What's more, the Eagles have downed 10 of Rocca's 25 punts inside the 20, a 40 percent rate. McBriar was at 27 percent last season.
Little wonder Rocca, the NFC special teams player of the month in September, is thinking of the ultimate honor a punter can receive: Pro Bowl.
"That's the pinnacle of it," Rocca said.
That's because, of course, punters don't usually get votes for regular-season MVP or Super Bowl MVP.
Rocca didn't drag his family 10,000 miles from his homeland for a free trip to Hawaii. The Pro Bowl would be nice, but . . .
"I want to win a championship. I want a ring. No one from Australia's done that before," Rocca said.
In fact, the main reason Rocca isn't lounging on the 200-acre property he owns with his brother 2 hours north of his native Melbourne is, despite his 748 goals in the Australian Football League, he never won the big one.

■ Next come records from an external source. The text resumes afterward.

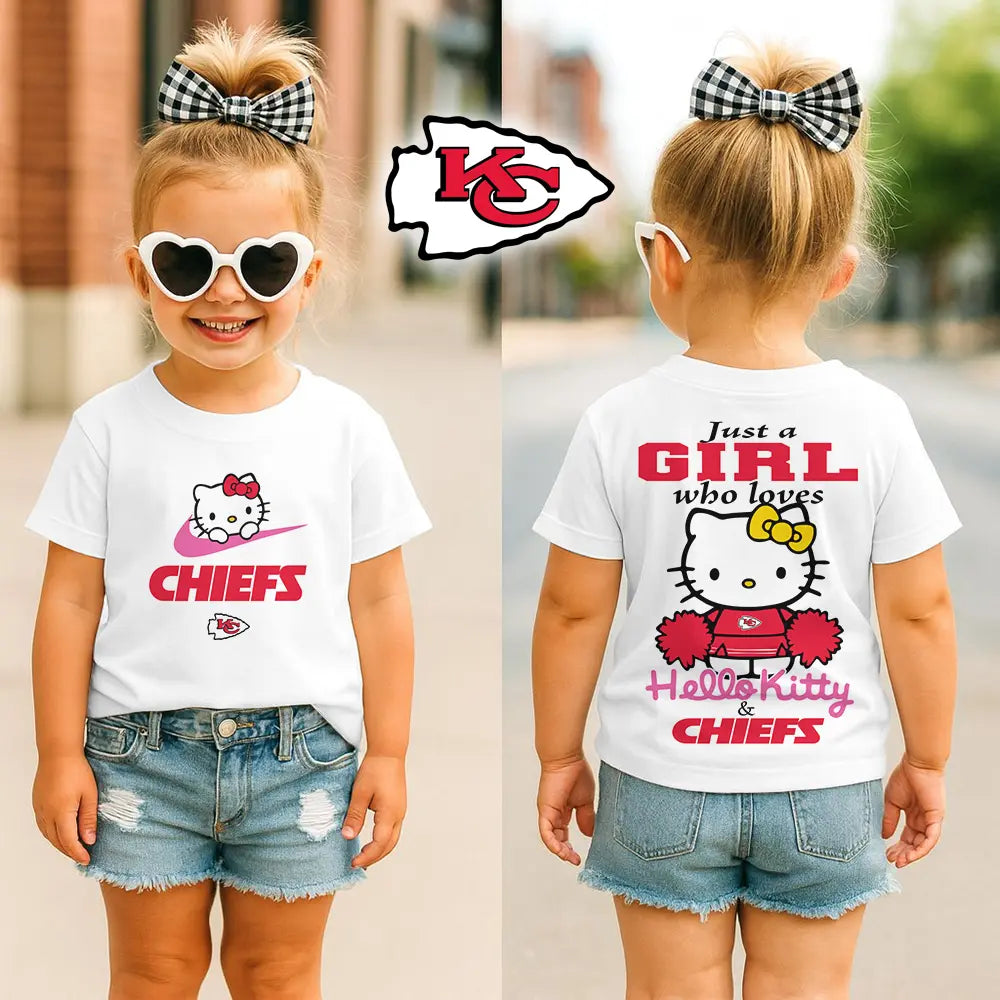 Kansas City Chiefs | Premium NFL Football Girl Hello Kitty Fan Kid Shirt HI – HuddleStyle.com - Main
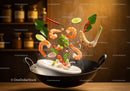 Fresh shrimp and herbs flying into wok pan with steam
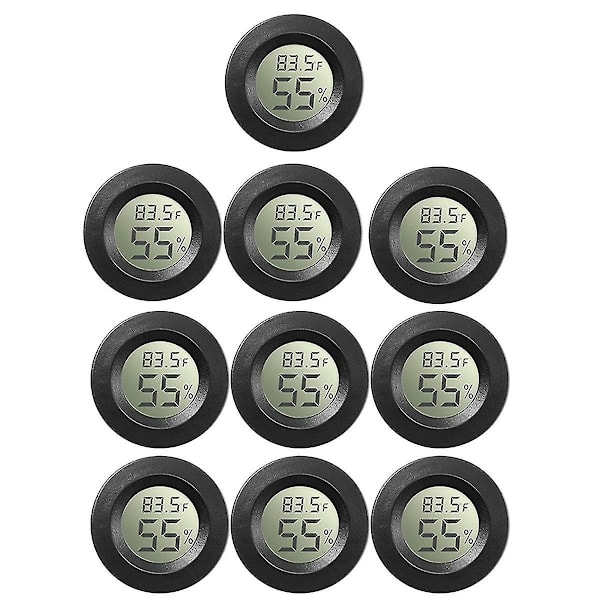 10-pack Mini Hygrometer Termometer Mätare Digital LCD-skärm För Växthus Barnrum Reptil Inkubator Svart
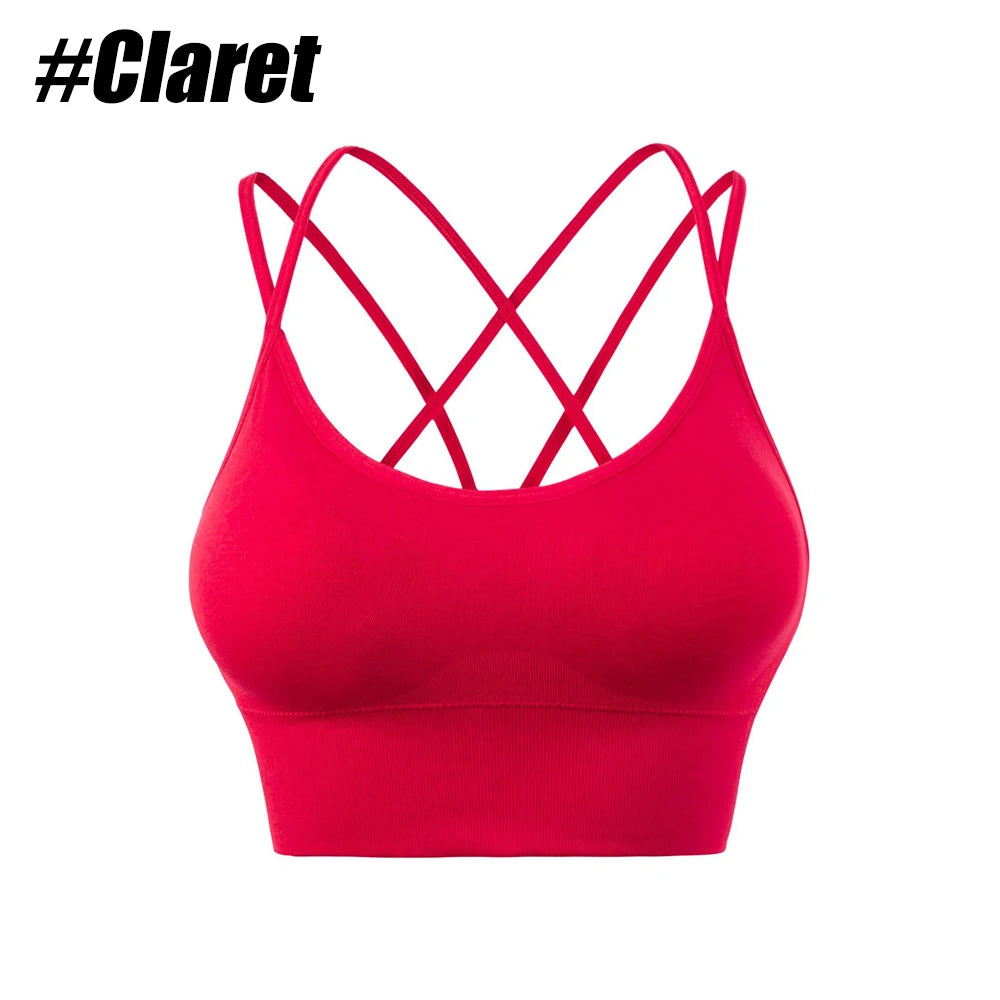 1Pcs Women Sports Bras Seamless Criss Cross Back Sexy Padded Fitness Yoga Vest Gym Running Crop Top Breathable Beauty Bras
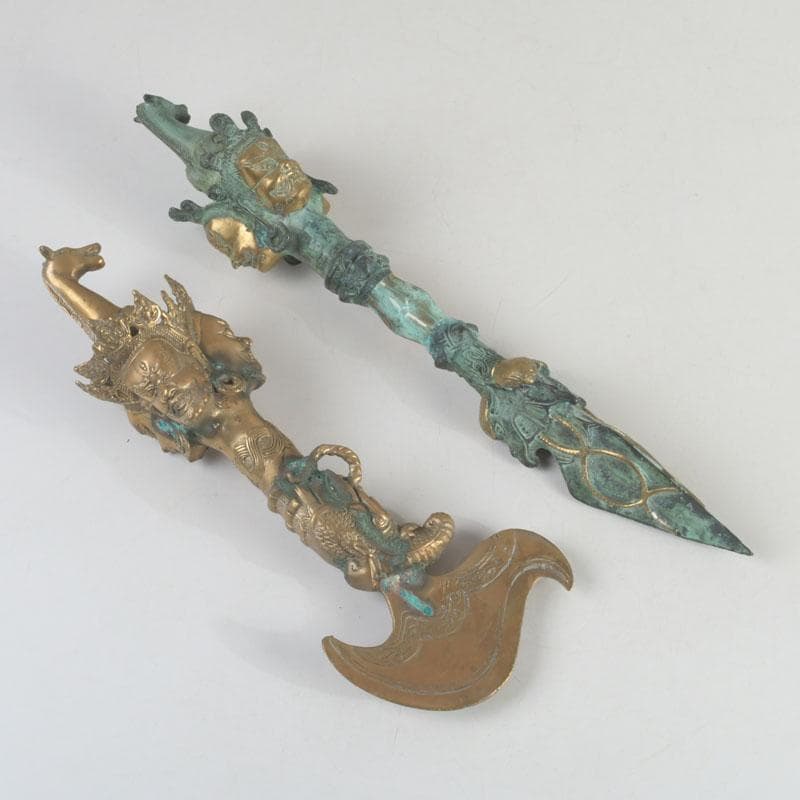 チベット密教法具 古銅鍍金 馬頭観音 金剛杵 独鈷杵など 3点 C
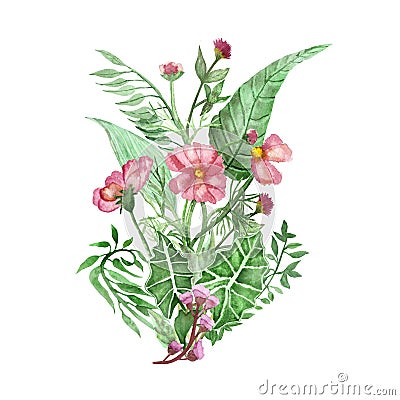 Watercolor hand painted nature floral tropical bouquet with green palm and eucalyptus leaves and pink blossom garden flower compos Stock Photo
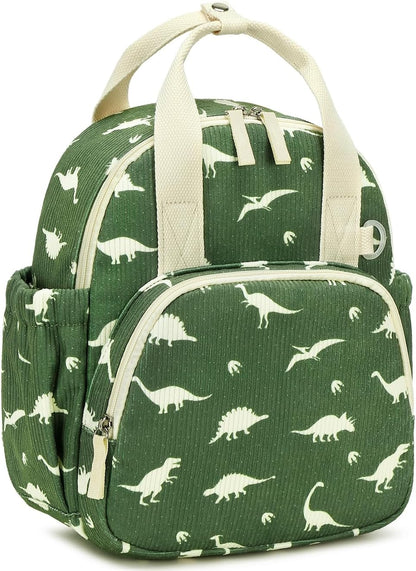 Morral en pana dinosaurios verde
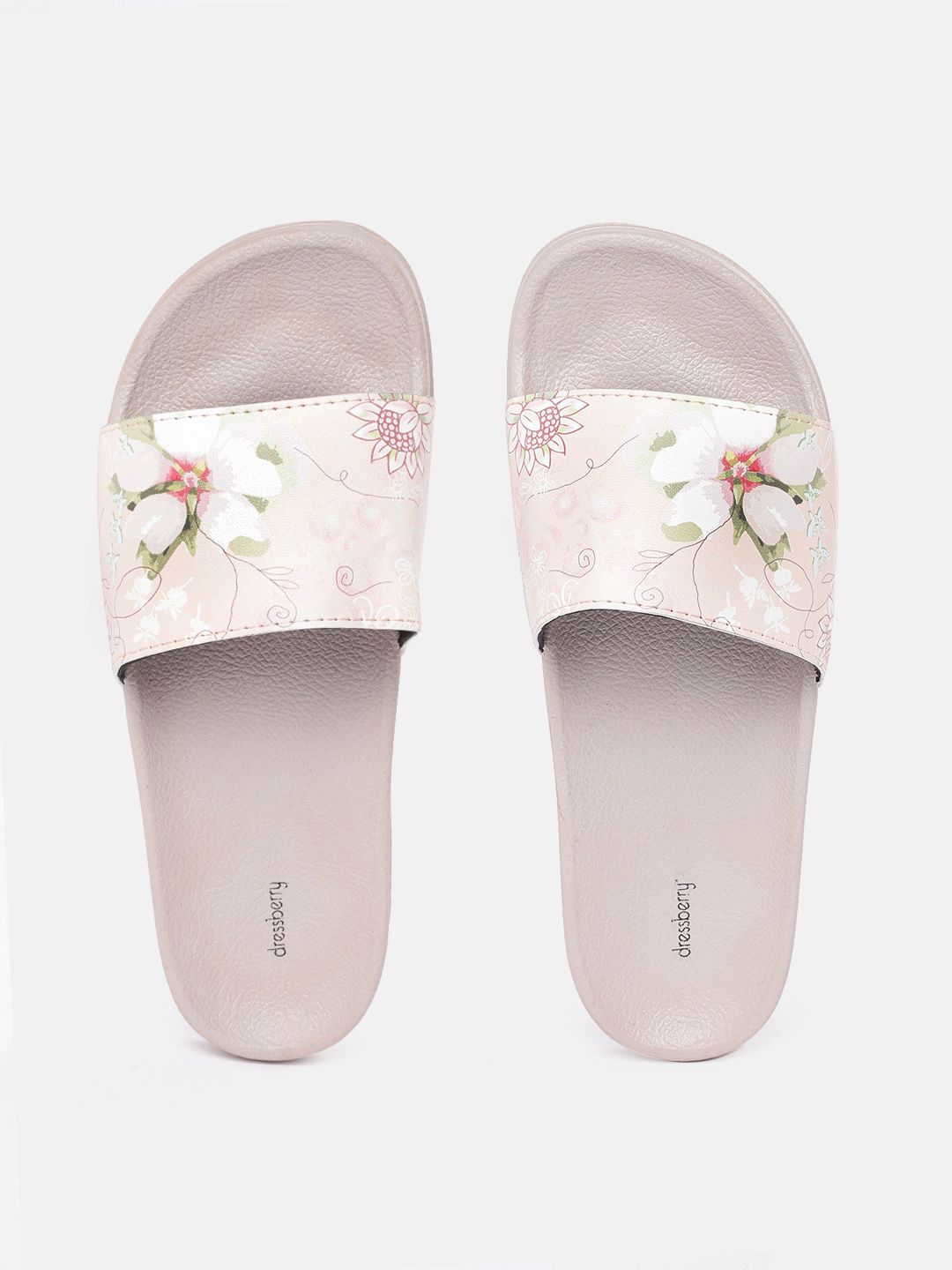 DressBerry Women Peach-Coloured & White Floral Print Sliders Price in India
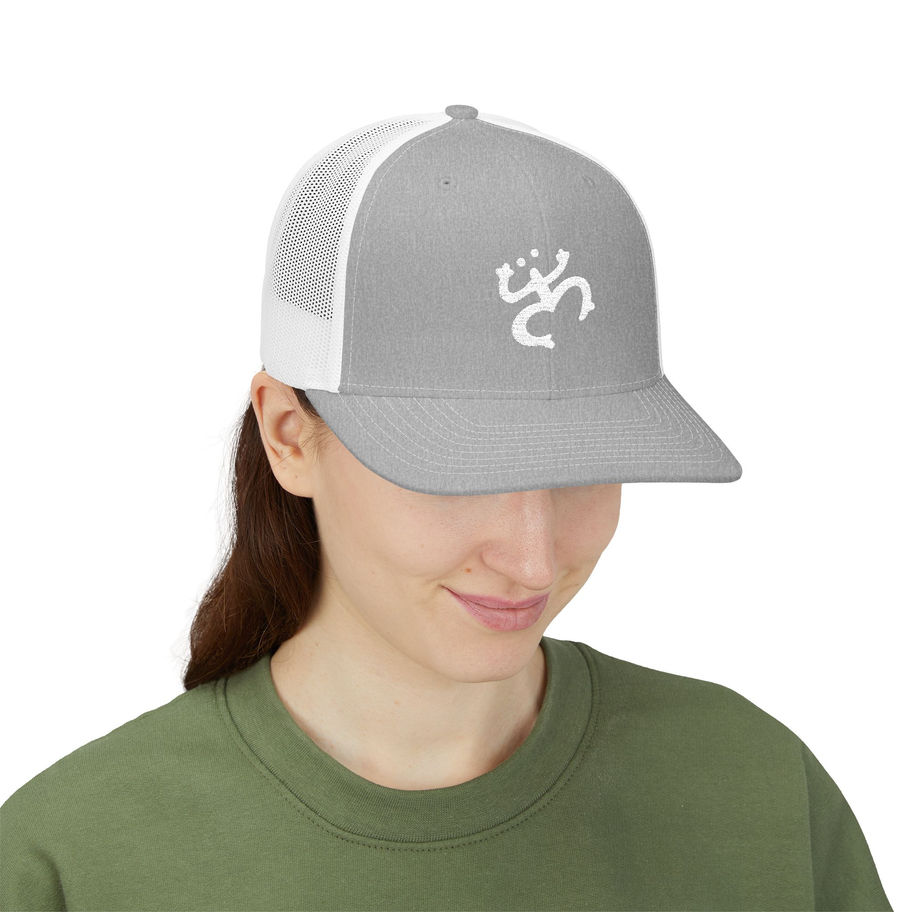 Woman models gray and white Coqui frog trucker hat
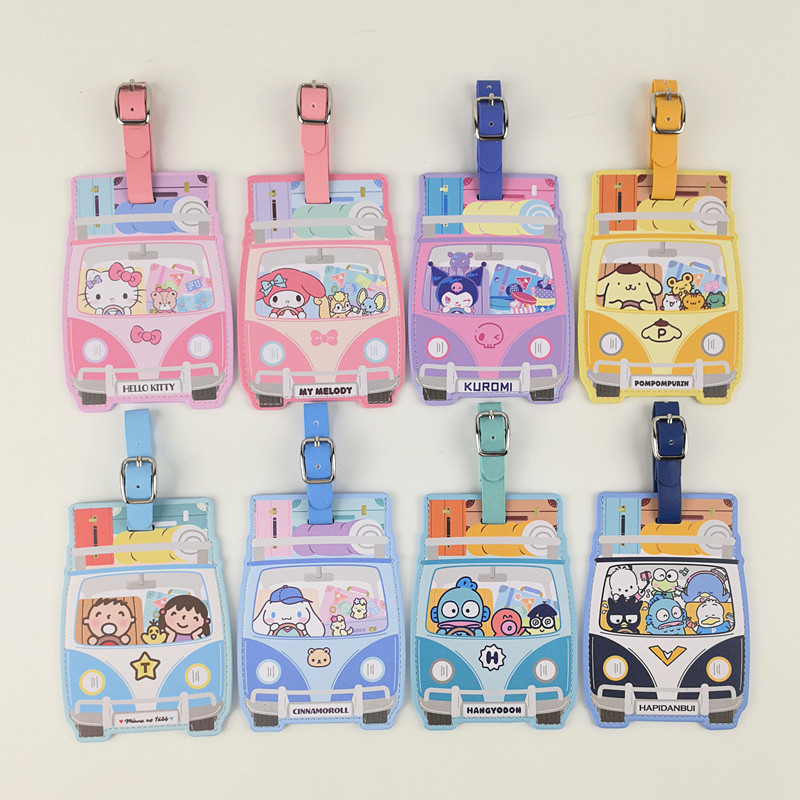Sanrio Kitty Melody Kuormi Cinnamoroll Minna no Tabo Hangyodon Pompompurin PU Car Shape Travel Luggage Name Tag 250489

Or even the medium-big one.
"That was my goal in Australia: to play in the championship," Rocca said. "I played in three postseason games and we lost all of them. I've still yet to experience a winning postseason game."
Considering that, and Rocca's pedigree, he is less Brett Favre - the NFL player with whom he once was compared - than he is Y.A. Tittle, also 0-3 in the playoffs.
But then, Tittle is in the Pro Football Hall of Fame. Rocca probably won't make it there - he will be 35 next month - but ranking 13th on the AFL goals list makes him a decent candidate for the Australian Football Hall of Fame, when he is eligible in 2009.
That would be a pleasant, if coincidental, postscript to his AFL life.
Right now, he wants a Super Bowl ring, and he wants to fade away.
Despite having served as a color analyst for Australia's SBS, which televised Super Bowl XLII in Australia in January, Rocca has no taste for a life of celebrity. He might have a future as an AFL commentator, but he doesn't even watch AFL games.